Remgro's Internal Rate of Return from 28 October 2008 to 30 June 2018, assuming that dividends have been reinvested in Remgro shares, is 16.2% compounded per annum. The Remgro Group remains focused on investing for long-term growth. We are confident that the Company's assets are well positioned, with strong underlying cash flows, in this challenging economic environment.
FINANCIAL PERFORMANCE AND INVESTMENT ACTIVITIES
On 11 May 2018 the competition authorities approved the restructuring of Distell Group Limited's ownership structure. Remgro retained its economic interest of 31.8% in Distell Group Holdings Limited (Distell), but, in addition, received unlisted B shares, which in aggregate gives Remgro voting rights of 56.0% in Distell. Since Remgro holds the majority of voting rights, the investment in Distell is being consolidated at 31.8% with effect from 11 May 2018.
The competition authorities approved Unilever South Africa Holdings Proprietary Limited's (Unilever) acquisition of Remgro's 25.75% shareholding in Unilever in exchange for Unilever's Spreads business in Southern Africa, as well as a cash consideration of R4 900 million, representing a total transaction value of R11 900 million. This transaction valued the Unilever Spreads business at R7 000 million. The effective date of the transaction was 2 July 2018.
For the year to 30 June 2018, headline earnings increased by 4.3% from R8 221 million to R8 573 million, while headline earnings per share (HEPS) increased by 1.8% from 1 485.5 cents to 1 512.6 cents. The difference in the increase between headline earnings and HEPS is attributed to the impact of the rights issue during the comparative year.
Included in headline earnings for the year under review is a positive fair value adjustment amounting to R261 million (2017: R687 million), relating to the decrease in value of the bondholders' exchange option of the exchangeable bonds (option remeasurement). Excluding the option remeasurement, headline earnings increased by 10.3% from R7 534 million to R8 312 million, while HEPS increased by 7.7% from 1 361.3 cents to 1 466.5 cents.
Remgro's intrinsic net asset value per share increased by 2.2% from R251.48 at 30 June 2017 to R256.97 at 30 June 2018. The closing share price at 30 June 2018 was R204.29 (30 June 2017: R213.46), representing a discount of 20.5% (30 June 2017: 15.1%) to the intrinsic net asset value. As at 30 June 2018, 21% of Remgro's intrinsic net asset value was represented by unlisted investments (2017: 22%).
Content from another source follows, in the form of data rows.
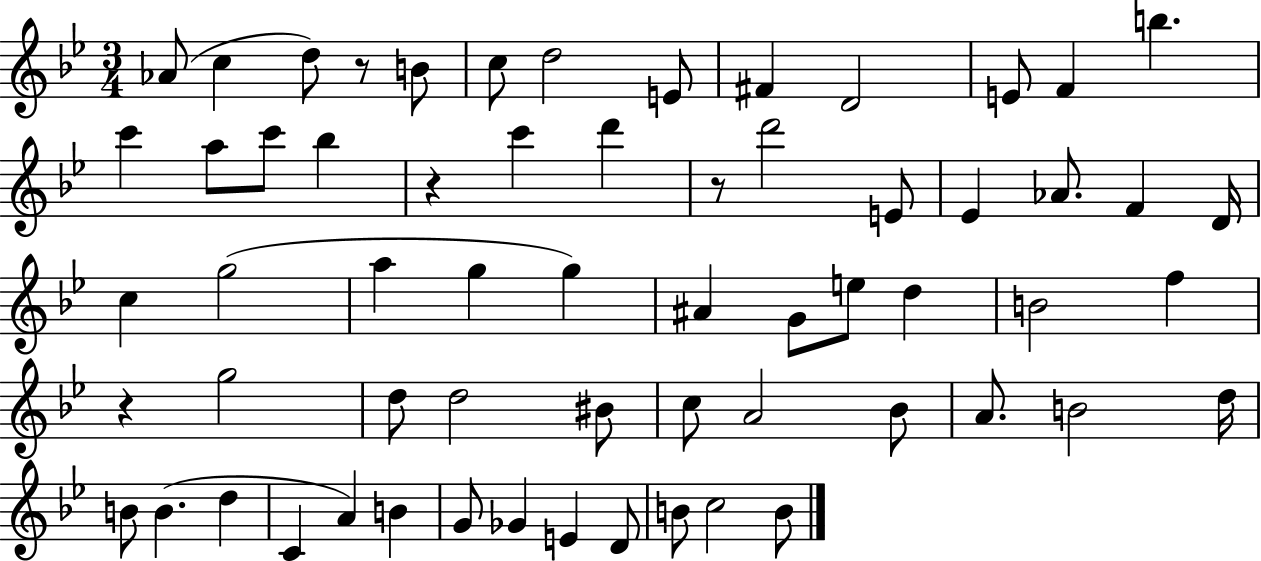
{
  \clef treble
  \numericTimeSignature
  \time 3/4
  \key bes \major
  aes'8( c''4 d''8) r8 b'8 | c''8 d''2 e'8 | fis'4 d'2 | e'8 f'4 b''4. | \break c'''4 a''8 c'''8 bes''4 | r4 c'''4 d'''4 | r8 d'''2 e'8 | ees'4 aes'8. f'4 d'16 | \break c''4 g''2( | a''4 g''4 g''4) | ais'4 g'8 e''8 d''4 | b'2 f''4 | \break r4 g''2 | d''8 d''2 bis'8 | c''8 a'2 bes'8 | a'8. b'2 d''16 | \break b'8 b'4.( d''4 | c'4 a'4) b'4 | g'8 ges'4 e'4 d'8 | b'8 c''2 b'8 | \break \bar "|."
}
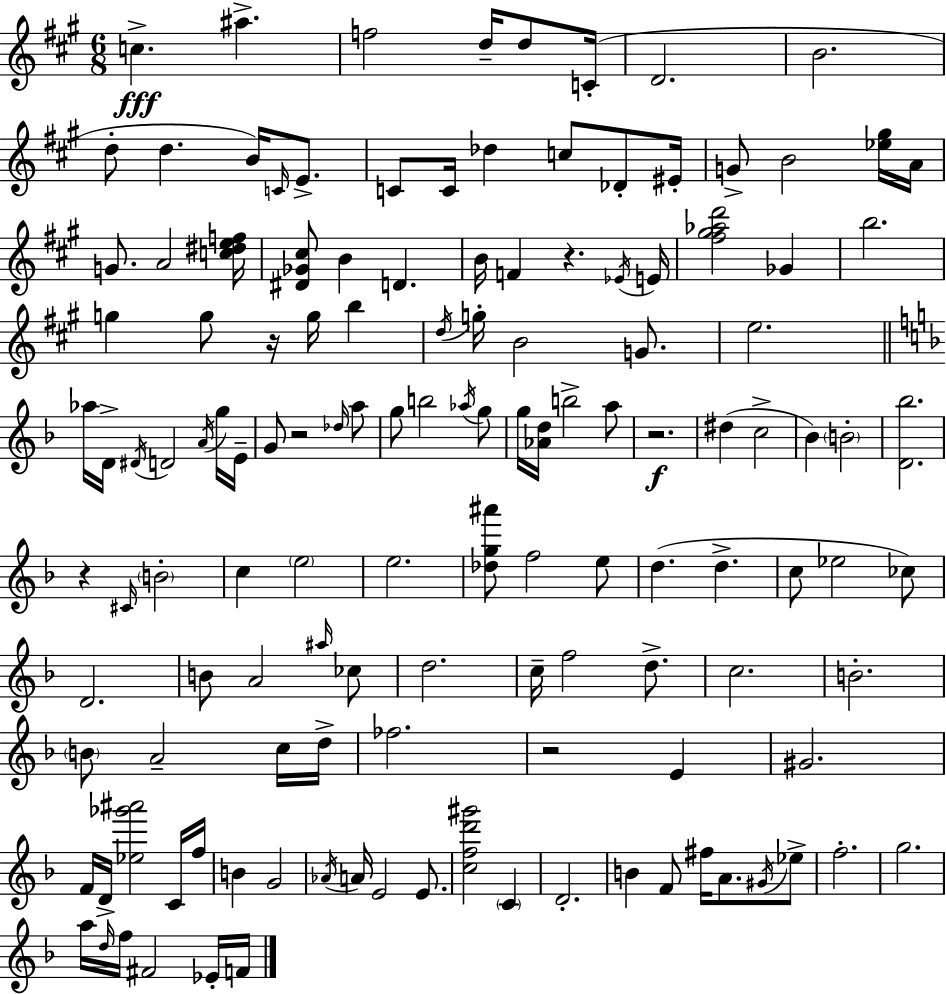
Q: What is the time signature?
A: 6/8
ECONOMIC COMMENTARY AND OUTLOOK
After the initial euphoria that greeted the rise of Cyril Ramaphosa to the highest office in the land, the second and third quarters of 2018 brought a stark reality check. The global environment suddenly deteriorated with asset prices in countries with external deficits and idiosyncratic risks, including South Africa, hardest hit. Domestically, a number of factors have pushed back the timing of a sustained upturn in business confidence. These include the shock GDP contractions in the first and second quarters of 2018. This meant that the South African economy suffered the first technical recession since the 2008/9 global financial crisis. Furthermore, a more realistic appraisal of the constraints faced by the Ramaphosa presidency and continued policy uncertainty may also be holding back confidence. Some overly alarmist commentary on the land debate, especially in the US press, may have added to the more negative international sentiment towards South Africa of late.
Indications are that global GDP growth remained firm in the first half of 2018. However, unlike in 2017 when the growth upturn was synchronised, a greater divergence has crept in with the US outperforming as the growth momentum in the Eurozone (EZ) slows. The US outperformance has resulted in a further widening in the gap between US and EZ short- and long-term interest rates. This helps to explain US dollar strength since early in the second quarter of 2018. Although the global economy remains on a firm footing, risks are rising. This largely stems from increased global trade tensions, mainly involving the US and China. Along with a tightening in global liquidity conditions as more countries raise policy interest rates, this should result in weaker global growth in future.
Against this backdrop, the short-term real GDP growth outlook for South Africa has been downscaled once again with growth now expected at around 1% for 2018 versus significantly more optimistic projections at the start of the year. Following a materially stronger move in the first quarter, the rand exchange rate was under heavy selling pressure during the second quarter and again since August. The renewed rand weakness was mainly driven by a much stronger US dollar, but weak domestic data releases and continued uncertainty on key policy issues (Land Reform and Mining Charter) may also have contributed. The most recent bout of rand weakness was sparked by contagion effects from the unfolding financial crises in Turkey and Argentina.
The weaker rand and the sustained high oil price are likely to add some pressure to the inflation outlook. However, subdued grain prices should help to keep food prices in check. Nevertheless, inflation risks are on the upside, implying that the next interest rate move by the South African Reserve Bank (SARB) is likely to be higher. The general consensus is for an unchanged repo rate through at least 2018, as the SARB tries to strike a balance between weak GDP growth and a rising inflation profile. However, there is a growing likelihood that the SARB could be forced into increasing the policy interest rate before the end of the year.
CORPORATE GOVERNANCE AND SUSTAINABILITY
Remgro is fully committed to managing its business in a sustainable way and upholding the highest standards of ethics and corporate governance practices. The Board of Directors is ultimately accountable for the performance of the Company, appreciating that strategy, risk, performance and sustainability are inseparable.
Our governance framework is based on the principles contained in the King IV Report on Corporate Governance for South Africa (2016) and we are satisfied that the Company has applied those principles during the year under review. We further believe that the Board's current members possess the required collective skills, experience and diversity to carry out its responsibilities to achieve the Group's objectives and create shareholder value over the long term.
CHANGES TO THE DIRECTORATE
Mr W E Bührmann has retired as an executive director from the Board of Remgro on 30 April 2018. He has reached his normal retirement age of 63 for executive directors.
The Board wishes to thank him for his valuable contribution over many years.
ACKNOWLEDGEMENTS
We extend our sincere appreciation to all who contributed to the performance of the Group over the past year: the shareholders for their continued confidence; the managing directors and all colleagues in the various investee companies for their co-operation and support; all other directors, officials and employees for their dedication; and all parties concerned for services rendered.